Microarchitectural security: a pipeline with a pipe dream

Yuval Yarom

Over the past decades, processors have become increasingly more intricate. This added complexity results in an ever widening gap between program execution and the model programmers use when developing software.  In this talk we explore some of the security implications of this discrepancy, and describe several security vulnerabilities that stem from it.

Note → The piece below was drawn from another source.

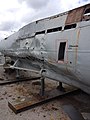 Aft starboard side showing depth charge damage and Pillenwerfer chute (rectangular hole)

Practical Post-Quantum Zero-Knowledge Proofs and Private Cryptocurrencies

Dr. Ron Steinfeld

Monash University 

We discuss new techniques for design and analysis of efficient lattice-based zero-knowledge proofs (ZKP). First, we review previous work, and then introduce our recent work on one-shot proof techniques for non-linear polynomial relations, where the protocol achieves a negligible soundness error in a single execution, and thus performs significantly better in both computation and communication compared to prior protocols requiring multiple repetitions. To illustrate the utility of our techniques, we explain how to use them to build efficient relaxed proofs for important relations, such as one-out-of-many proofs. Despite their relaxed nature, we further show how our proof systems can be used as building blocks for advanced cryptographic tools such as ring signatures. Our ring signature achieves a dramatic improvement in length over all the previous proposals from lattices at the same security level. We then discuss an extension of our techniques to construct a practical lattice-based privacy-preserving blockchain cryptocurrency protocol called MatRiCT.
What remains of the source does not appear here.